As new Artistic Director of the Traverse, Orla O’Loughlin tells us, the brief for the writers is to write scenes from a play that they will not ever complete. Maybe the staging would be too challenging, or perhaps its felt that there’s a very niche audience.
It’s a different play each morning (along with bacon rolls and a cup of strong coffee to make the 9am start less painful for Fringe veterans). On the day of this review, it’s the turn of ‘Catterline’ by Sue Glover, the story (which will already be familiar to some, a history lesson to others) about three painters – Joan Eardley, Lil Neilson, and Angus Neil – sharing a retreat in the sixties. Argubaly, this is an example of a ‘niche audience’ play – stories about artists ‘making’ run the risk of being somewhat self involved. It begins, appearing to be centered on the painter who, at the time at least, is the most well regarded.

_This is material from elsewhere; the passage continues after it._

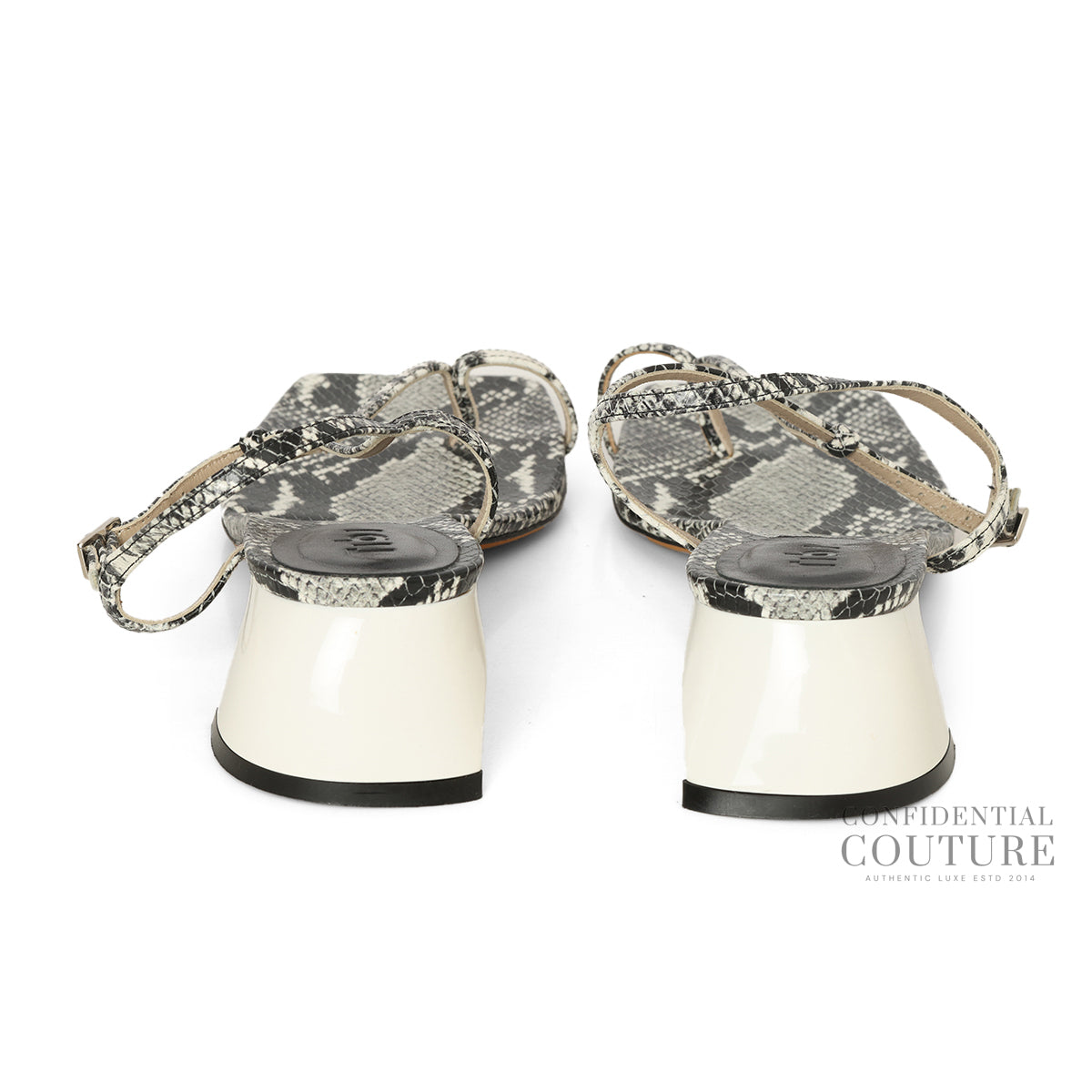 Black & White Georgia Embossed Snake Sandal | EU 38.5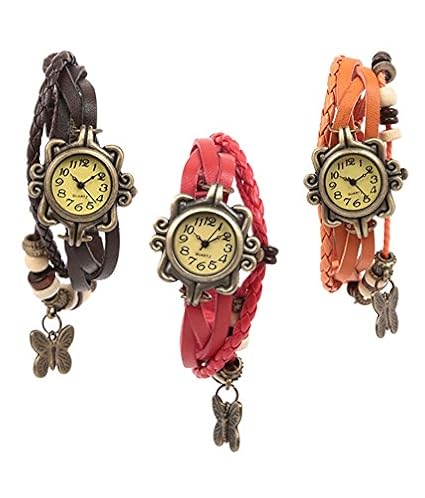GOBU Partyware Butterfly Analog Round dial Latkan Watch Combo Offer Pack of 3 for Women & Girls (Brown, Red & Orange)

But it quickly centres (both figuratively and literally) on the artist who isn’t very well regarded at all, least of all by himself, leading to a lack of faith in his talents and bouts of destructiveness.
It’s a memory piece as much as a Laurie Lee narrative (who is invoked a couple of times), as characters slip from narrating, to inhabiting, scenes scattered across the decades. It’s also a piece that’s as much about the circumstances of its creation – and, indeed, writing – as it is about the plot it depicts. The fragility of creation, of the (perceived) need to abandon work before it’s really been completed, the almost parlaysling fear – and assumption that once it has been completed, it won’t be much good anyway. With that in mind, this has an extra level added to it when we see the playwright’s face in the audience, sometimes carefully impassive, other times quietly proud. I imagine it’s entirely unintentional, but – particularly considering the themes within the play – it irrevocably becomes part of the narrative.
There are no bells, whistles or even lighting changes in this performance. At one point, an actor stands to deliver a certain speech, but even that isn’t strictly necessary. The words are all, and as such, are somewhat better than a good deal of apparently completely finished pieces elsewhere on the fringe. The not-quite-hour sweeps by, and any Fringe weary audiences could be potentially be back in bed before their clocks hit five past ten.
Frankly, I’m as yet unsold on the belief that this play – or indeed, any of the others that form this series of shows – are guaranteed to remain ‘unfinished’. One hopes that it’s not a contractual obligation, as these scenes are more than enough to pique a great deal of interest in a story – and for some, a playwright – that previously we may not have been willing to take a risk on. And for that alone, for taking those risks, we should always be grateful to the Traverse.